In iconography, Jyeṣṭhā is generally depicted as a corpulent but sometimes simply wide-hipped goddess seated on a throne with her legs pendant (bhadrāsana). Purāṇic-Āgamic texts variously describe her complexion as red, dark as collyrium, the colour of ripe crops or the sky. She is said to be wearing a blue or red silken garment. In the Tamil country she dons a distinctive donut-shaped bun either fashioned from one’s own hair, hair extensions, flowers or cloth (Sanskrit vāsikābandha; Tamil ceṉṉi, kaṇṇimālai) above which rises a tapering crown (karaṇḍamakuṭa). Her ornaments frequently include heavy curved earrings, necklaces, bangles and the sacred thread.
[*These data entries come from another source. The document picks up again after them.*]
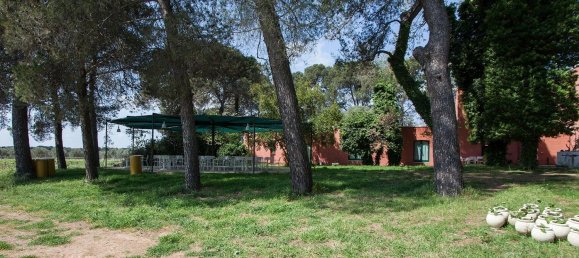 Edifício em Francavilla Fontana, Italy 900 m² N.º 9843 9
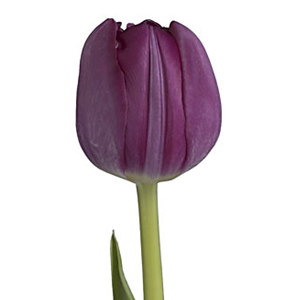 (image for) Purple Tulips — 10 Stems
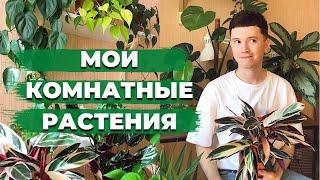 Большой Обзор Комнатных Растений » Джунгли в Городской Квартире » Май 2022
With her right hand the goddess grasps a blue lily (nīlotpala) in the kaṭakamudrā. Like her consort Saturn, the crow functions as her totem and frequently appears in the form of a banner/ standard (kākadhvaja) behind the goddess. While lauded for its intelligence and regarded as an intercessor for ancestral spirits, the crow is also seen as a bad omen and impure owing to its habits as a scavenger. The deities associated with the crow are likewise ambivalent in character. Other attributes of the goddess which occasionally appear in the iconographic record include the donkey, her vehicle, and a broom which alludes to her associations with the household.
Tamil images of Jyeṣṭhā-Tavvai invariably depict her with her children, emphasising her motherly functions. On her right, the goddess is flanked by her white-complexioned bull-headed son carrying a club and wearing yellow garments. His name in Sanskrit is Vṛṣabhāṅka while Tamils call him Kōmukaṉ, Māntaṉ or Kuḷikaṉ. Jyeṣṭhā-Tavvai’s daughter, variously called Agṉimātā, Sukanyā or Mānti, accompanies her mother on the left as a youthful human figure. While Jyeṣṭhā’s corpulence has been explained by modern commentators as a sign of indolence, one of the qualities she presides over, it is equally likely that the wide-hipped, sometimes pot-bellied, image underlines her child-bearing and caretaking functions.